The sequence begins with a collage of the Yves Klein sculpture, which has been conjugated with a single frame from King Kong (1933) so that the International Klein Blue figure of Arman is seen to be holding the fainting heroine Anne Darrow in his arms. This is followed by a single frame of the strangulation scene in Oshima's film. The six interactive transformations that follow show a progressive digitisation of the Oshima image into an increasingly abstract arrangement of larger and larger pixels. Within these pixel blocks the Bosch painting gradually emerges, until it entirely fills the screen in the final image.
The architectonic presence of this narrative unfolds in the viewer’s body action. And the sequence reverses when the viewer walks away from the screen.

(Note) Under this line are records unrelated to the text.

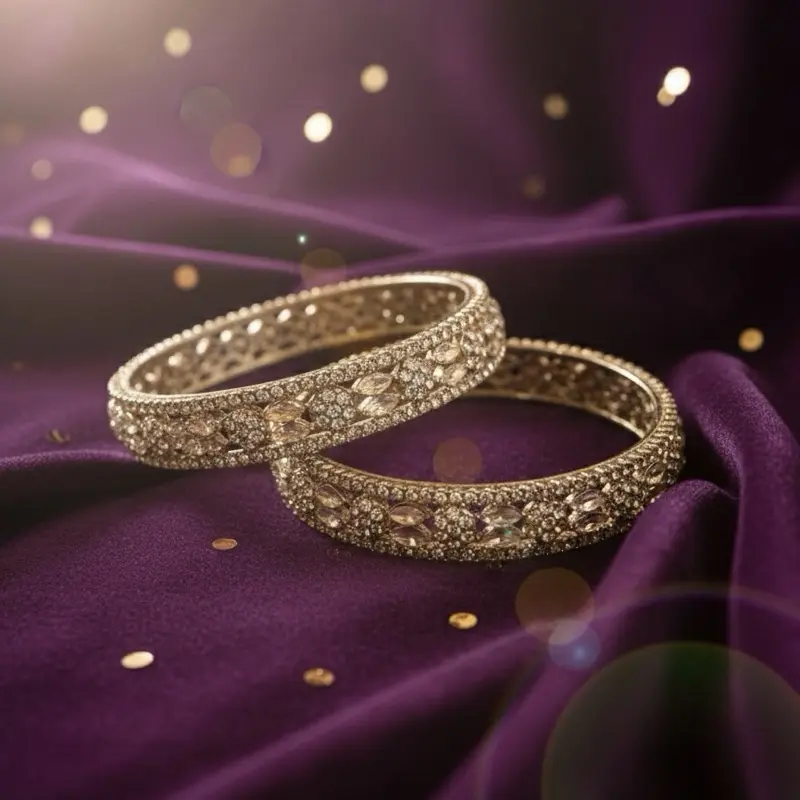 2 pieces antique gold kara set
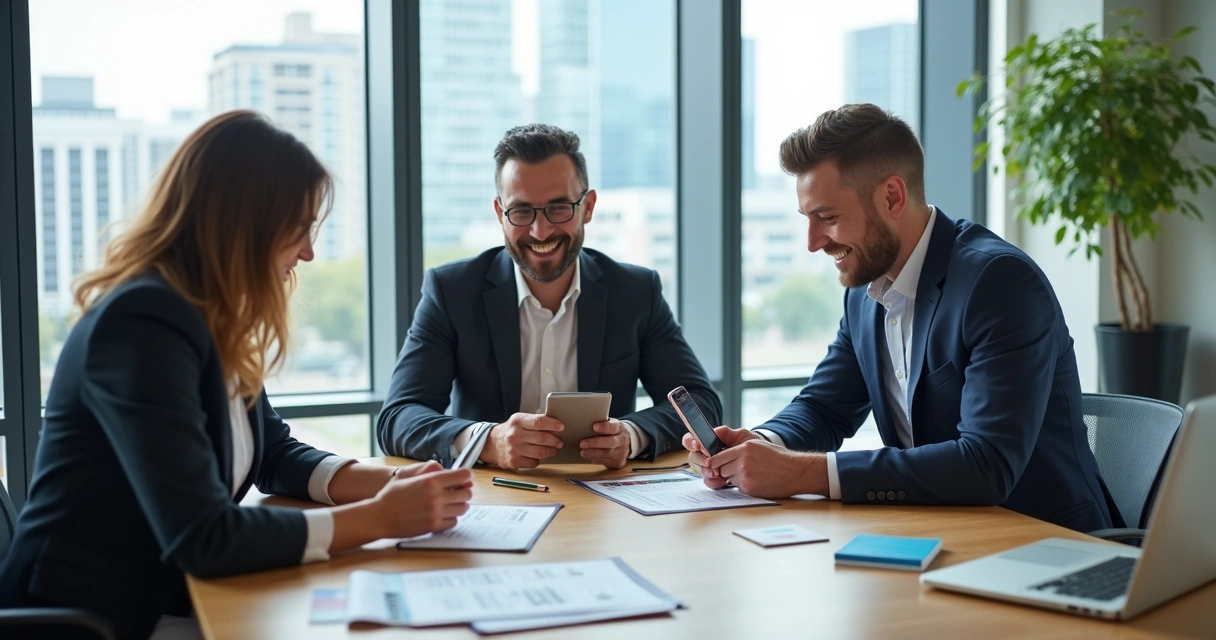 Equipe de corretores digitais utilizando dispositivos móveis 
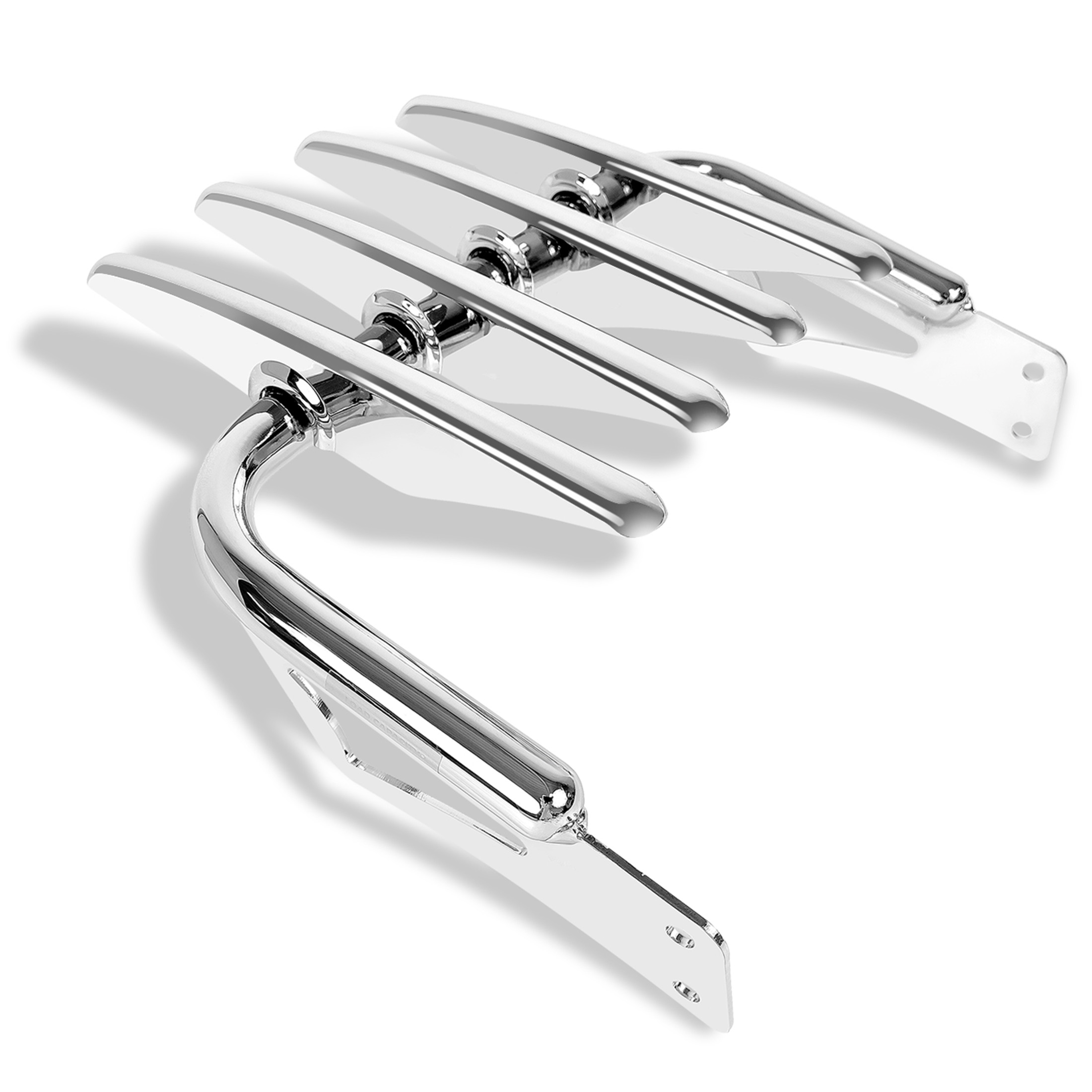 thumbnail video image 2 of Fjpacemt Custom Chrome Luggage Rack Support Shelf for Motorcycle Backrest Sissy Bar Only Our Store, 2 of 7
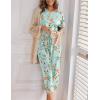Ekouaer Women’s Capri Pajama Sets Print Short Sleeve Sleepwear Top and Capri Pants Soft Loungewear with Pocket(Green Flowers)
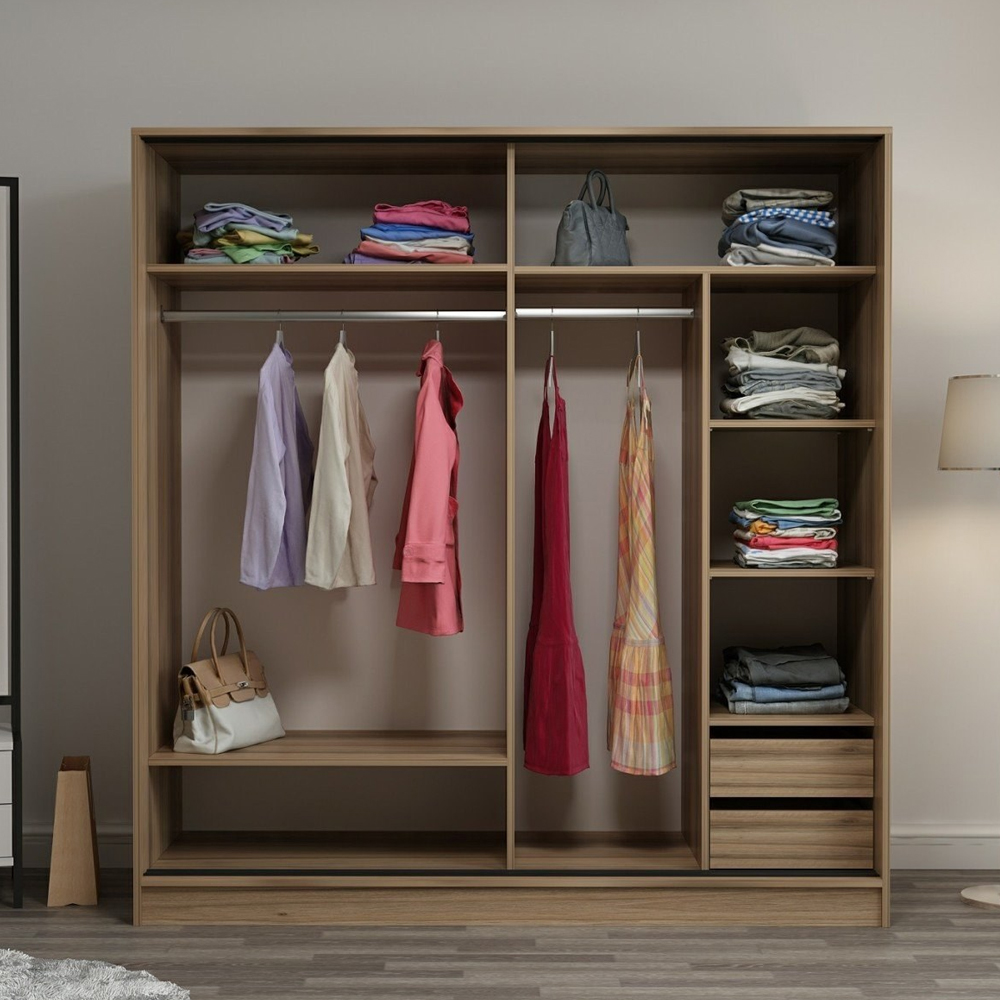 Kale H210cm Wooden Sliding Mirror Wardrobe with 2 Doors in Oak and Black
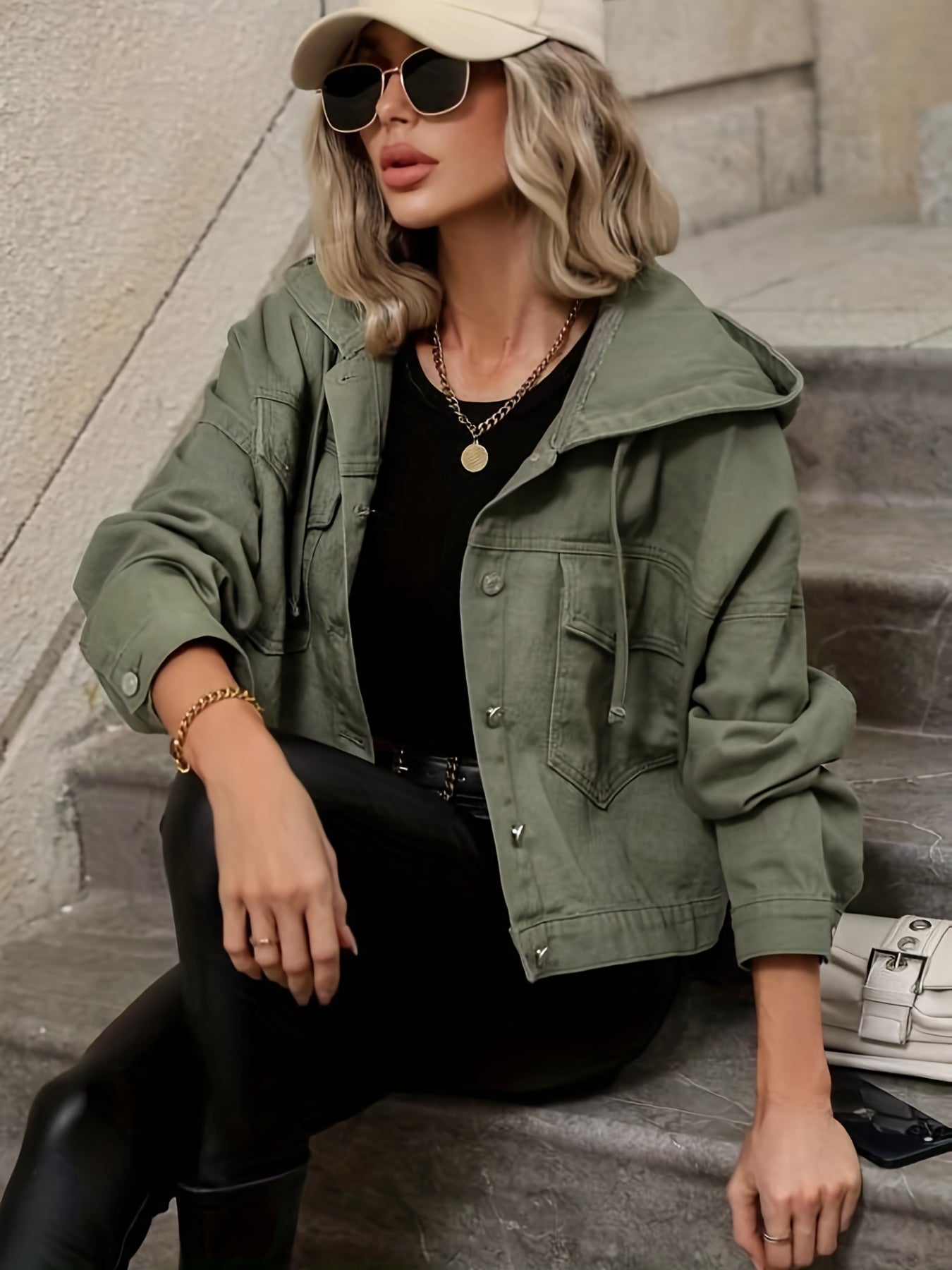 gbolsos Green Long Sleeves Denim Jackets, Flap Pockets Non-Stretch Hooded Denim Coats, Women's Denim Clothing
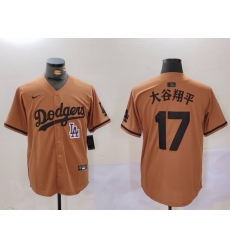 Men Los Angeles Dodgers 17 Shohei Ohtani Brown Cool Base Stitched Baseball Jersey 6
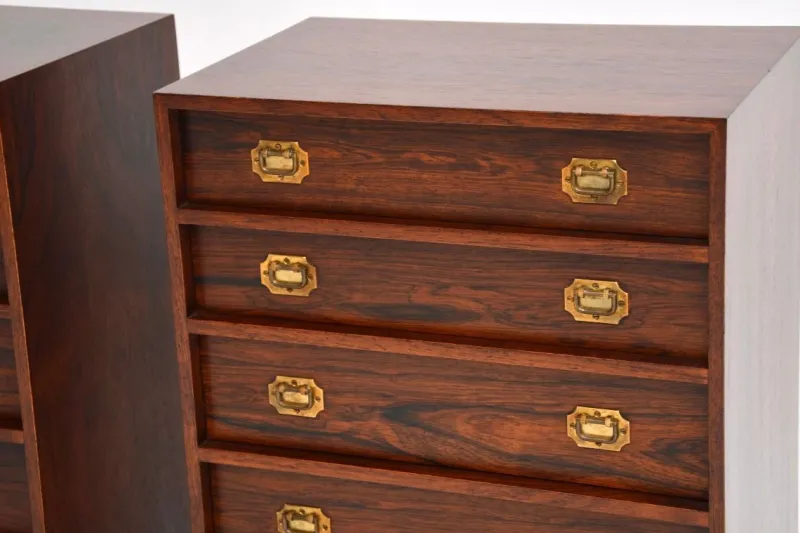 Pamono Vintage Danish Bedside Chests by Henning Korch for Silkeborg, 1960s, Set of 2> Dressers, Commodes & Chests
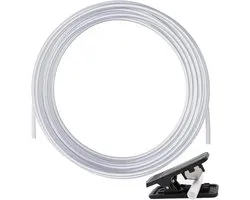 10 m PTFE Hose with Cutter, PTFE Teflon Hose, 2.5 mm ID x 4 mm OD, for Bambu Lab A1, A1 Mini, P1P, P1S, X1C and for Creality K1, K1 Max, for 1.75 mm 3D Printer Wires, Transparent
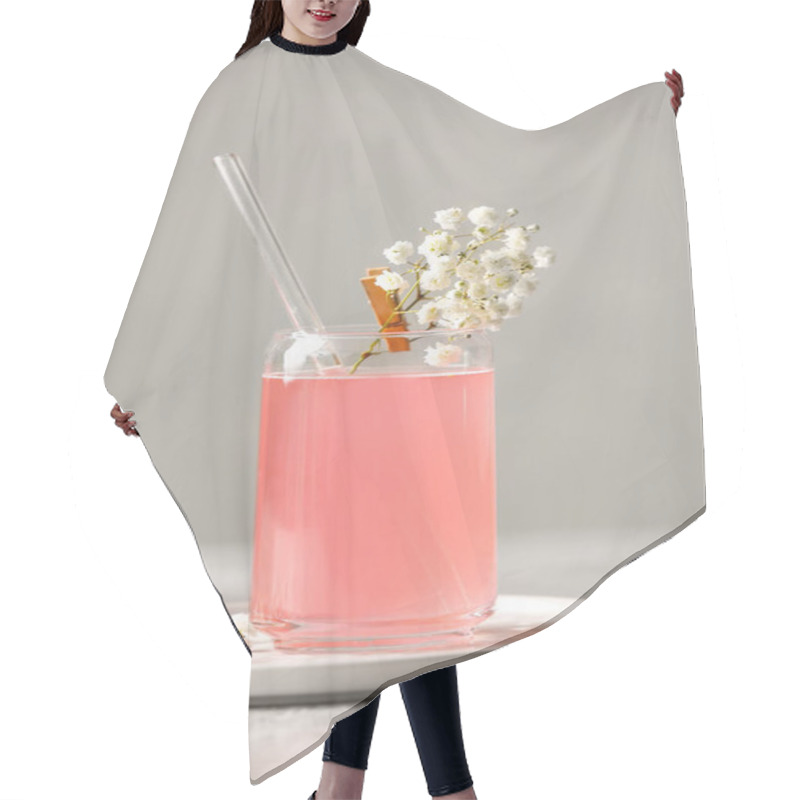 Personality  Glass With Tasty Cocktail And Beautiful Gypsophila Flowers On Light Background Hair Cutting Cape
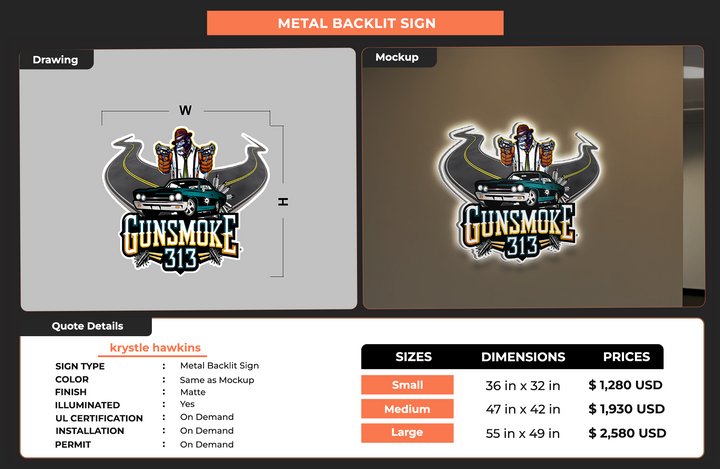 Custom Signs For krystle hawkins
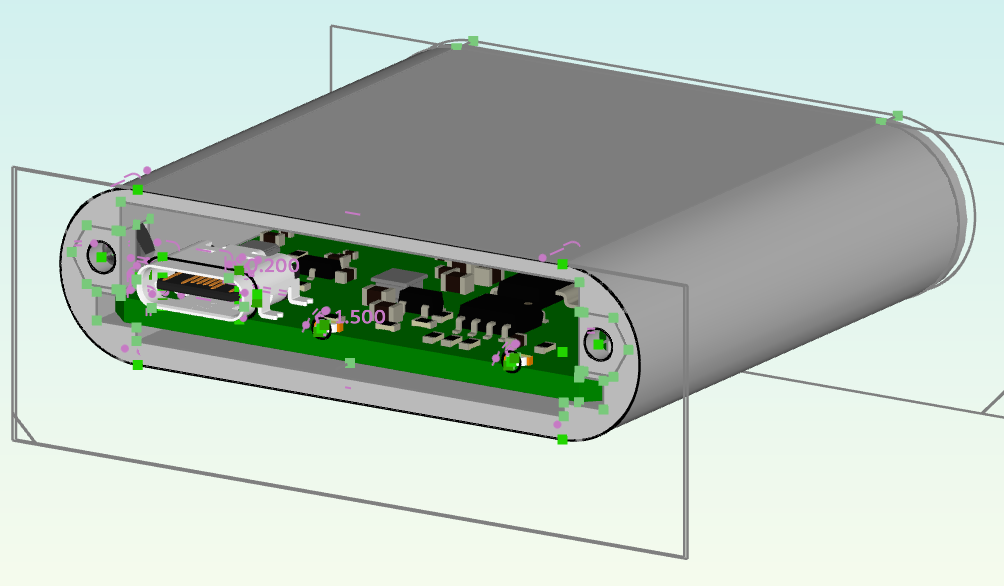 Dune 3D screenshot of the case without the lid and some constraints visible.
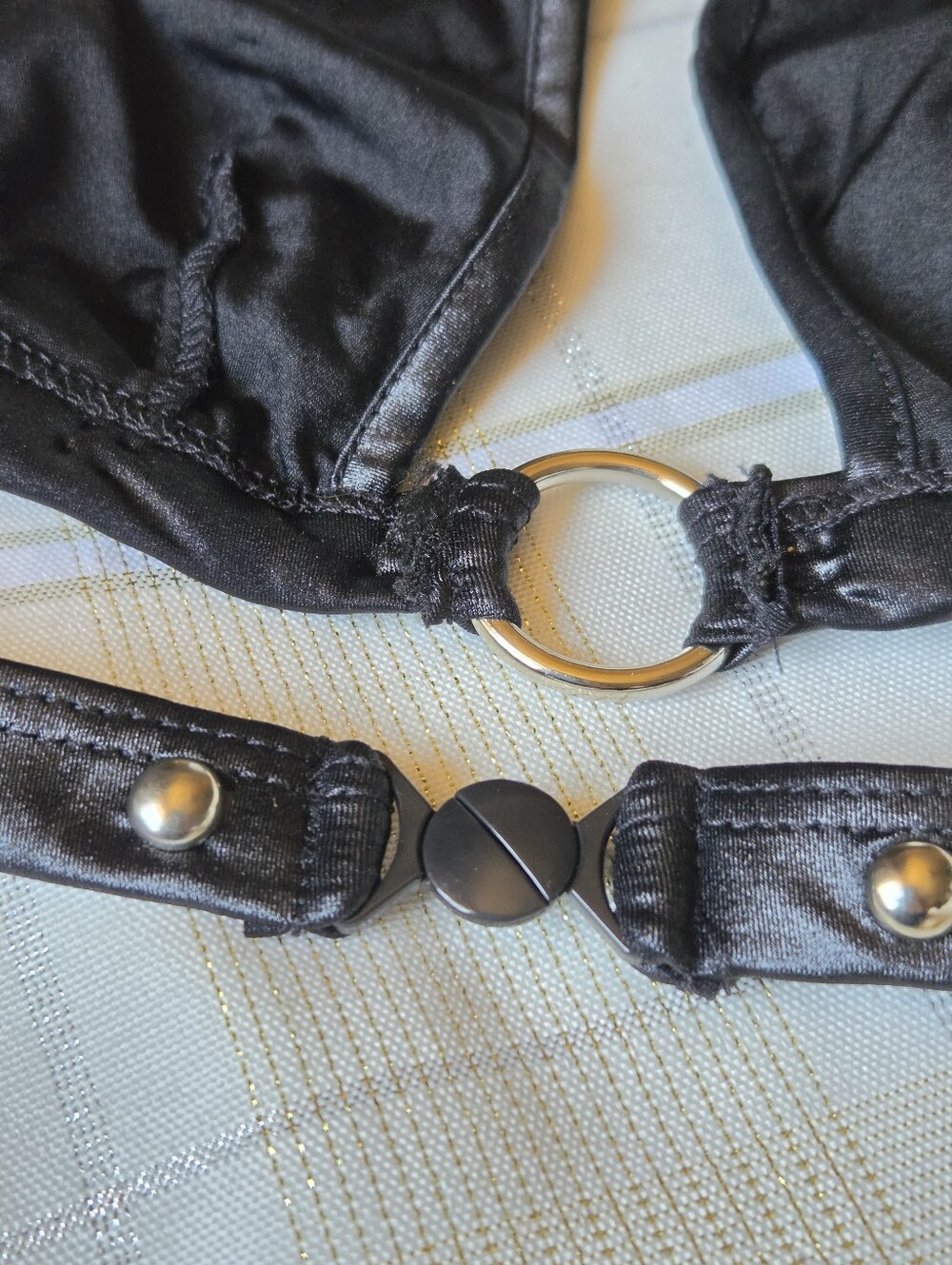Lust Black Studded Ring-Accent Bikini Set - Picture 6 of 11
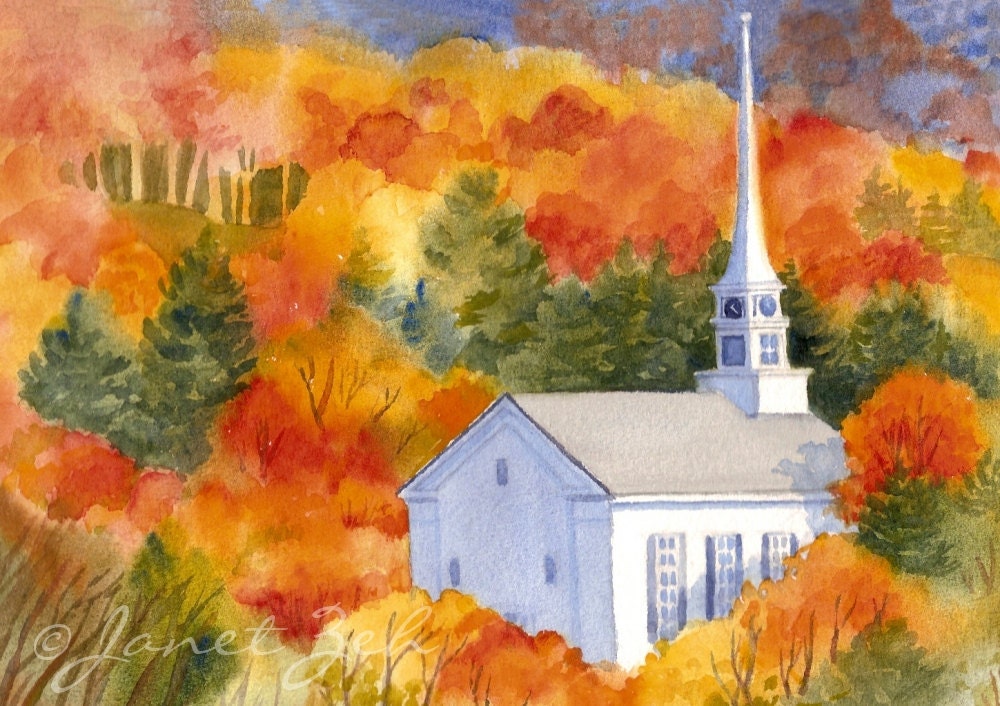 Watercolor Autumn Landscape Painting New England Steeple Janet Zeh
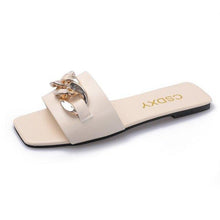Load image into Gallery viewer, Women Summer Slipper Square Toe Chain Slippers Slip On Flat Slide Sandals Beach Flip Flops Casual Shoes Woman Heel Shoes Open Toe Slip On Dress Backless Heels Slides Slippers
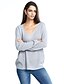 preiswerte Damen Pullover-Damen Alltag Solide Langarm Standard Pullover Pullover Jumper, V-Ausschnitt Herbst / Winter Weiß / Purpur / Rosa S / M / L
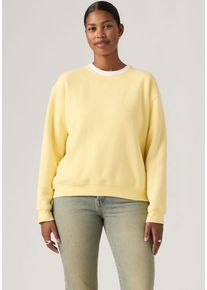 Levi's Sweatshirt LEVI'S "EVERYDAY CREW SWEATSHIRT", Damen, Gr. S (36), french vanilla brushed fleece, Sweatware, Obermaterial: 58% Baumwolle, 42% Polyester, regular fit normal, Rundhals, B&uuml;ndchen, Sweatshirts Sweatshirt, mit kleinem Logo auf der Brust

The singular trajectory that begins at the building’s entrance, and then goes all the way to the surface of the projection screen at the other end of the space, embodies a real and a virtual journey for the viewer, traversing the neo-Gothic arches of the Vleeshal while at the same time passaging through the narrative imaginary of the projected imagery. The work engages a triple signification of the Vleeshal itself, which has the style and atmosphere of a Gothic church, yet whose original function centuries earlier was as a cold house for the storage and sale of fresh meat, and which is now a public exhibition space for contemporary art. This convergence of esoteric, corporal and aesthetic forces becomes relational to the conjunction of sacred, profane and carnal allusions presented in the work's iconographic progression. The Klein collage intimates an inversion of the archetype of Mary holding Christ’s limp body, which then morphs into Oshima’s cruciform organisation of male and female bodies, whose underlying digital formation then recalibrates itself in Bosch’s esoteric corporeality.